- **AVAILABLE DATA**:
##############################
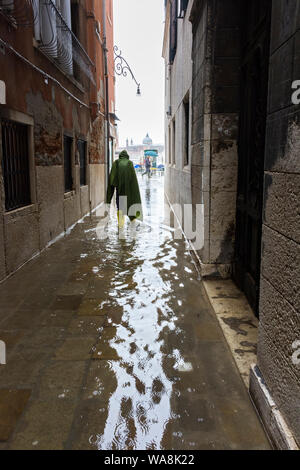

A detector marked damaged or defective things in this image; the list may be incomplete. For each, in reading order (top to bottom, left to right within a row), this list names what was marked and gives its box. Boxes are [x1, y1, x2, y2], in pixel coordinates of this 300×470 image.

peeling plaster wall [256, 0, 300, 444]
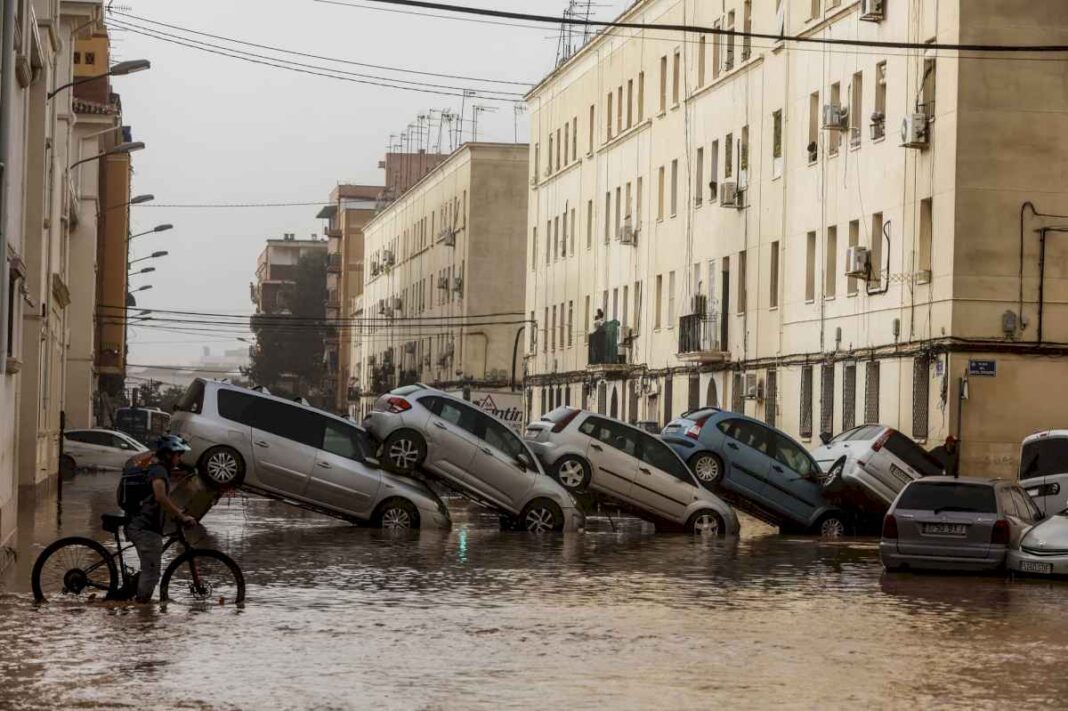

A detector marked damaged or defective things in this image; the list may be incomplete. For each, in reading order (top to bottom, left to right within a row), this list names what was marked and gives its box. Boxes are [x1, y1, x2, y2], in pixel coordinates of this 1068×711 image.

damaged vehicle [169, 382, 452, 532]
damaged vehicle [366, 384, 588, 536]
damaged vehicle [524, 408, 740, 536]
damaged vehicle [660, 408, 856, 536]
damaged vehicle [812, 426, 948, 516]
##############################
- **AIM OF THE TASK**: From the first line to the last, output the records exactly without pictures.

- **FINAL ANSWER**:
A detector marked damaged or defective things in this image; the list may be incomplete. For each, in reading order (top to bottom, left to right within a row), this list names what was marked and gives its box. Boxes are [x1, y1, x2, y2], in pixel coordinates of this 300×470 image.

peeling plaster wall [256, 0, 300, 444]

A detector marked damaged or defective things in this image; the list may be incomplete. For each, in reading order (top to bottom, left to right within a row), this list names what was marked and gives its box. Boxes are [x1, y1, x2, y2], in pixel coordinates of this 1068×711 image.

damaged vehicle [169, 382, 452, 532]
damaged vehicle [366, 384, 588, 536]
damaged vehicle [524, 408, 740, 536]
damaged vehicle [660, 408, 856, 536]
damaged vehicle [812, 426, 948, 516]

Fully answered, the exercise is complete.